Sul piano degli investimenti, oltre ai sei milioni di euro già stanziati per la rete hotspot, il Comune sta per ora puntando esclusivamente sul personale interno, mentre ha avviato per lo scambio di know-how tecnico una collaborazione con il Consorzio per i Servizi Informativi del Piemonte, un organismo pubblico che offre già servizi basati sugli open data. Quanto ai privati, “per ora parliamo con tutti”, ha detto Mancuso, “ma finché non avremo completato la prima fase del progetto (con la pubblicazione dei primi dati) non possiamo dare la precedenza a nessuno”.

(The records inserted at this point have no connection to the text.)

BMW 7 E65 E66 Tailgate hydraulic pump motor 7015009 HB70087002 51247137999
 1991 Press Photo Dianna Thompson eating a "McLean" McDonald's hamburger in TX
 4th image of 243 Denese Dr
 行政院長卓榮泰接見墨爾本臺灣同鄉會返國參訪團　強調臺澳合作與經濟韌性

È tutto facile come sembra? In realtà anche la pubblicazione di informazioni che possono, già ora, essere rese pubbliche deve confrontarsi con sia con difficoltà di carattere tecnico sia con questioni giuridiche, oltre a presupporre una precisa strategia alla base tutto il lavoro. Ad esempio, è necessario uniformare i dati sotto l’aspetto del formato digitale, per poter collegare tra loro le varie banche dati; oppure, ci si può chiedere se sia opportuna una prima elaborazione statistica dei dati stessi che ne preceda la pubblicazione. Un approccio troppo prudente che non piace alla professoressa Fiorella De Cindio, docente di informatica all’Università Statale di Milano, che già quindici anni fa ha fondato il sito della Rete civica milanese: “Già ora i cittadini rielaborano online alcuni dati relativi alla città. Perché, se il materiale è già disponibile, dobbiamo aspettare altri due mesi? Perché non possiamo pubblicare già ora una tabella, anche se è “solo” in formato Excel? Ancora adesso non sono consultabili i verbali delle Commissioni consiliari. L’approccio del Comune privilegia ancora troppo l’informatica (intendendo “i privati”, “le aziende”) rispetto ai cittadini”, lamenta la professoressa.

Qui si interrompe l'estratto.